The new research from Hiram College, which is titled "Crip For a Day," shows another side of disability simulation experiments. The researchers explained that while disability simulations did make able-bodied people feel warmer and more kindly towards the disabled, the able-bodied didn't feel better about interacting with disabled people. "Disability simulations made [able-bodied] participants feel more confused, embarrassed, helpless, and more vulnerable to becoming disabled themselves compared to baseline," the scientists wrote. They continued:
"Participants judged themselves less competent, expressed more pity, expressed more interaction discomfort, and were not more willing to interview disabled students for an accessibility project following the simulations compared to baseline. Frustration, guilt, anxiety, and depression were most pronounced among those who interacted with disabled people less than once per month."
The problem here should be obvious. Being disabled can be a challenging experience, but if simulations are simply producing distress without actually improving able-bodied peoples' ideas about the disabled community, they're not working. In 2014, scientists from the University of Colorado, Boulder, published results that showed that able-bodied people who do physical simulation exercises actually rate disabled people as less competent afterwards, and are more likely to believe negative stereotypes about the disabled.
There are two other big criticisms of disability simulations. One is that they simply don't go far enough, and can't give an accurate picture. Another, related criticism is that they're restricted by time, and many of the biggest issues of living with a disability come with cumulative frustration and stress over time. The Division of Disability Resources & Educational Services at the University of Illinois explicitly refuses to let able-bodied students attempt to experience disability using things like wheelchairs, because, as they point out, these sorts of experiences are limited, "other" disabled people, and make able-bodied people feel, falsely, as if they really understand what disability is like.
Able-bodied people, by definition, are also bad at being disabled. Toby Olson, executive secretary of the Washington state Governor's Committee on Disability Issues and Employment, explains that this is a key problem:
"If you participate in a simulation, what you experience will not be at all like a slice from the life of a person who has lived with that disability for any time. The difference will not be because you'll know that you'll be taking off the blindfold or walking away from the wheelchair at the end. The difference will be because, without any of the coping skills and techniques people with disabilities create and master throughout their lives, the best you will be able to manage will be to emulate the experience of being the single most hapless, incompetent individual with that particular disability on the face of the planet."

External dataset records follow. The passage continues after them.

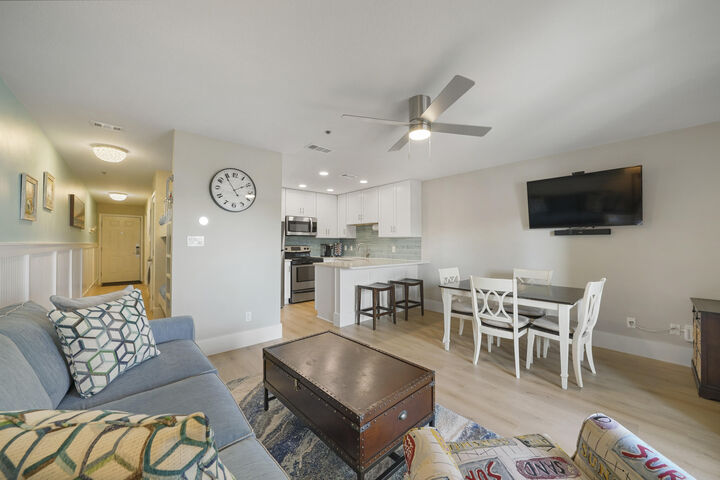 Property Photo: 3191 Scenic Highway 98 Unit 202 FL 32541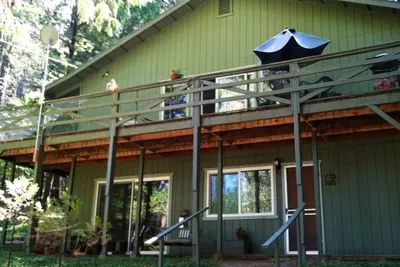 Image de Dutch Flat, Serenity Central: une maison confortable dans les bois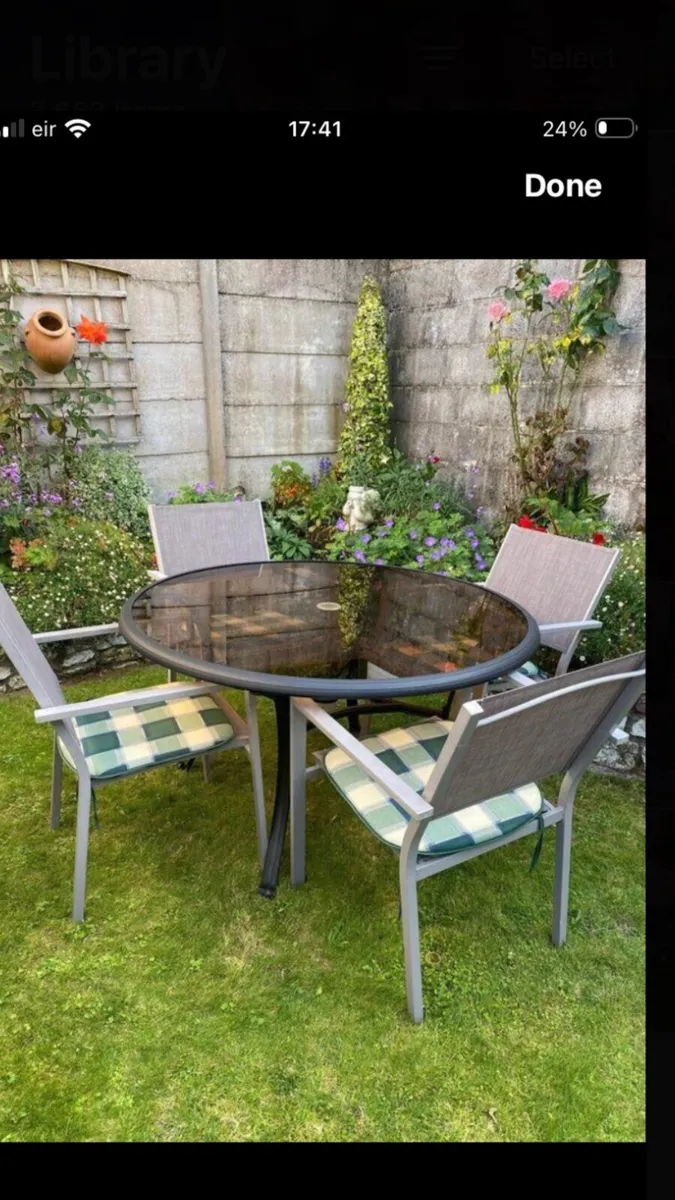 Garden table and chairs - Image 3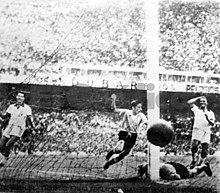 Uruguay v Brazil in the 1950 FIFA World Cup was officially spectated by 173,850 people but also determines there may have been closer to 200,000. Gol ghiggia vs brasil.jpg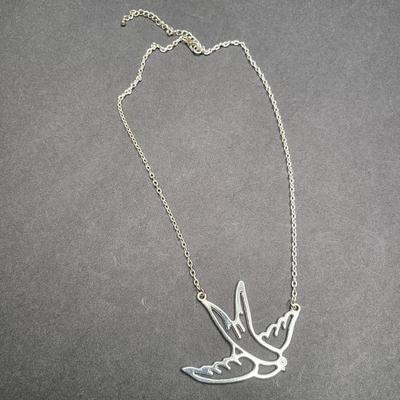 Fun Fashion Jewelry 4pcs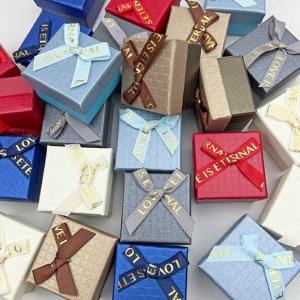 Подарочная коробка ювелирная С бантом 5*5*3 см 530886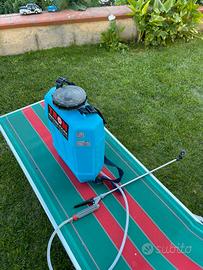 Pompa irroratrice a batteria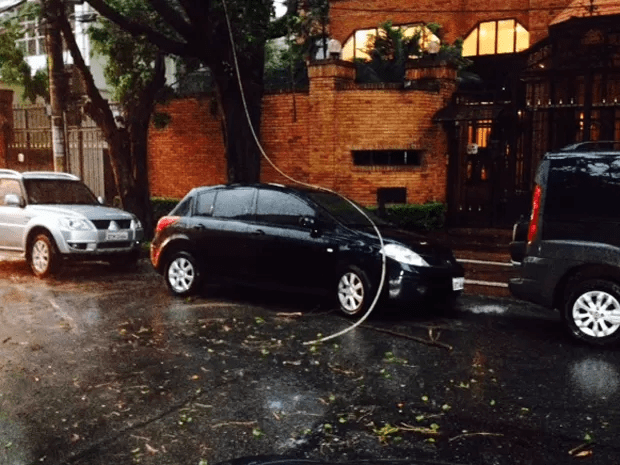 Saiba o que fazer em caso de quedas de fiação elétrica sobre carros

Simulations, as Olson and other people point out, don't exactly give an accurate impression of life with a disability, and can in fact reinforce negative stereotypes. Disability rights advocate Emily Ladau wrote for the Huffington Post, "It may make a person more aware of another person’s experiences, but it doesn’t dig deep to the root of discrimination against people with minority identities. Instead, it’s more likely to evoke empathy or pity than true acceptance." Pity, inaccurate and skewed views of what being disabled is "really like," and alarm and distress aren't the ways to provide better links between able-bodied and disabled people. They may actually just make things worse.